My friend Jesse then became addicted again and disappeared; a very difficult moment. A few months later I went to look for him by merging into the homeless scene in Boston for two weeks in mid winter. I just put on shitty clothes and got off the subway in the middle of the ghetto. I had a pocket full of change but nothing else, just my ID. I was in graduate school by that time and was inspired by Orwell’s Down and Out in Paris and London. In fact it was not hard to get by after a few days of learning the routine, aside from the cold and general fearfulness. But it was a remarkable experience to move into a completely different social role by just changing clothes and hanging out in a different place. I’ll never forget the first night in the mission; 200 men in beds eighteen inches apart, searing TB coughs crashing from one side of the huge room to the other; a large room with filthy rooms that were adjacent to an elevated metro and the trains appeared to bear down on us, just veering aside at the last minute.
I spent two weeks on the streets. By that time I had bought a ten-year old Leica, a small, quiet and unobstrusive camera. After I’d been on the street for about ten days I called a friend and asked him to fetch my Leica from my apartment. I put it into my pocket and carried it for a few days, and I took some photos in the mission where I was staying. Suddenly having a camera, even one that looked like a piece of junk (I had wrapped it with electrical tape), changed who I was; again, an important realization.
I realized from this experience that I had to be immersed in scenes I would study. I wanted to photograph from the inside looking out, not outside looking in. One camera, one or two lenses, and to only use it when I found something that spoke to a particular idea. I had this frame of mind when I was riding freights with tramps, which began the next summer.
I had made a transition from making the photo the point photographing to working with the camera to explore ideas. It is what I ask my students: what is the idea that you are photographing? How can you explore that idea more effectively with different approaches and strategies as a photographer?
C.L. Why did you come then to use photo elicitation? Was it to solve a particular problem ?
D.H. I was working on a study of an auto mechanic who lived in an isolated region of northern New York; near a university where I had my first position. Willie lived on about $7,000 a year and did pretty much what he wanted to. There was little bureaucratic regulation and a well-developed informal economy. Willie was a genius as a mechanic and even an inventor, and he didn’t work for money. He had to make some, of course (he had himself and his family to support) but he was not motivated by it. I remember watching him do a complex job on an old piece of equipment for a farmer: “Willie, why did you spend three hours fixing this farmer's manure spreader? How much did you get for this?”
“Fifty bucks.”
“How much is this transmission job half finished in the middle of the floor worth on which you have paid scant attention for these last couple of weeks?”
“Six hundred.”
“Why haven’t you fixed the transmission?”
“Because it is boring. I know how to fix the transmission. I was not sure I would be able to fix the manure spreader.”
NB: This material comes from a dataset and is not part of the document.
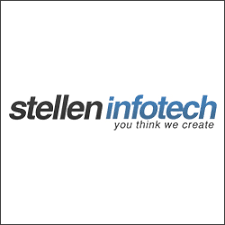 Stellen Infotech is a web development company specialized in providing dynamic web and mobile applications to enterprises, in order to assist them in enhancing their productivity by gaining visibility on the internet. They offer various services like web development, web designing, mobile applications and search engine optimization – SEO, among others. As a web designing company, they provide a clear and effective website design package coupled with an intelligent internet marketing strategy, which will help you to expand your business globally in a dynamic manner.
Willy was a special person but also not so untypical. I called him a bricoleur, in the sense of Lévi Strauss’ writing in The Savage Mind, because he had many kinds of knowledge—knowledge of tools, techniques, materials—and he combined them in unusual ways.
At first I had a hard time making sense of it. I came across a book by John Collier called Visual Anthropology, the first text on the subject, and Collier described doing photo elicitations in the 1950’s. Nobody had paid much attention to it and it had faded into obscurity. I do believe that Working Knowledge, the book about Willie, is the first book that is based on it.
What I realized while I was photographing Willie's shop that I was photographing it from what Becker would call “lay theory,” that is, the public idea about a topic; taken for granted definitions. Even though I’m not trying to, I’ll reflect those ideas as a photographer. I needed to escape that; to see, photograph and describe the shop from Willie’s perspective.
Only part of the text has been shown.